No último sábado, 20 de junho de 2026, Berlim foi palco de uma significativa manifestação pela paz e pelo diálogo com a Rússia, atraindo cerca de 1.500 participantes. Organizada pela Aliança Sahra Wagenknecht, o evento foi uma clara manifestação de descontentamento em relação ao aumento das tensões entre a Europa e Moscou, destacando a urgência de retomar as negociações diplomáticas.

Os manifestantes, que percorriam as ruas de Berlim, exibiam cartazes com mensagens contundentes como “Nosso país deseja a paz” e “Fora da OTAN agora”, demonstrando uma forte oposição à militarização da Europa e à política de sanções contra a Rússia.
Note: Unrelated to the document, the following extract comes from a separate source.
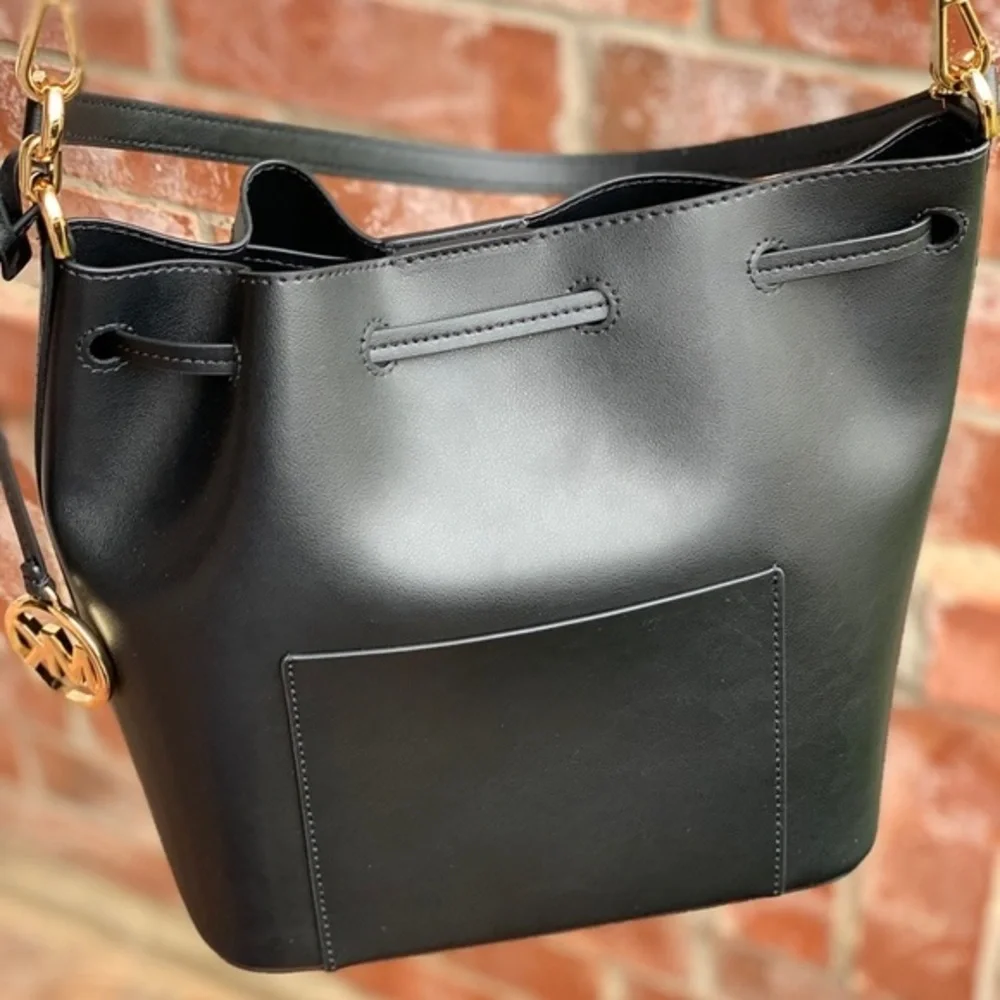 Michael kors Eden large bucket crossbody bag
Os participantes buscavam enfatizar a necessidade de construir relacionamentos pacíficos entre a Alemanha e a Rússia, pedindo o fim da corrida armamentista que, segundo eles, só agrava a situação atual.
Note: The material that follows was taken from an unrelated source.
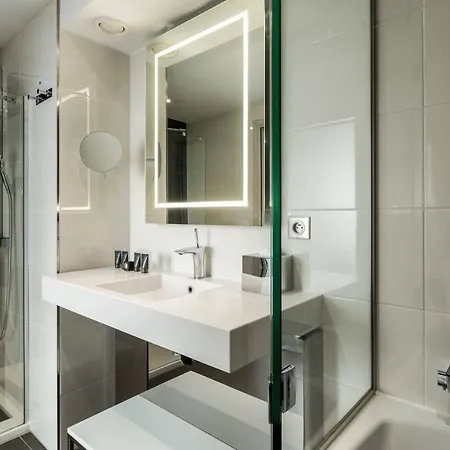 Ac Porte Maillot By Marriott Otel Paris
Coincidentemente, a data da marcha marcou a proximidade do 85º aniversário da invasão da União Soviética pela Alemanha nazista, em 1941. Como parte do ato, os manifestantes depositaram flores no Monumento ao Soldado Soviético, situado no parque Tiergarten, em homenagem aos militares soviéticos que perderam suas vidas durante a Segunda Guerra Mundial. Este gesto simboliza a intenção dos organizadores de sublinhar a importância da memória histórica e evitar que novos conflitos surgem a partir de antagonismos passados.

Dentre os discursantes, estava Sevim Dagdelen, uma proeminente figura da BSW, que enfatizou a necessidade de uma reconciliação e do diálogo com a Rússia. Em sua fala, Dagdelen criticou a postura atual do governo alemão, argumentando que este deveria realizar cerimônias oficiais em memória das vítimas da guerra e reforçar a ideia de que uma nova escalada militar contra a Rússia deve ser evitada a todo custo.

A manifestação revelou um clamor por diplomacia e diálogo em tempos de crescente polarização geopolítica. Os organizadores ressaltaram o objetivo de se opor à militarização da Europa e abrir espaço para negociações que possam levar a um entendimento pacífico entre nações, mostrando que há uma parte da população disposta a lutar por alternativas à hostilidade. Com as bandeiras da paz e da Rússia sendo erguidas, ficou evidente que muitos acreditam que a solução para os conflitos atuais reside em restaurar as linhas do diálogo e da interação amistosa.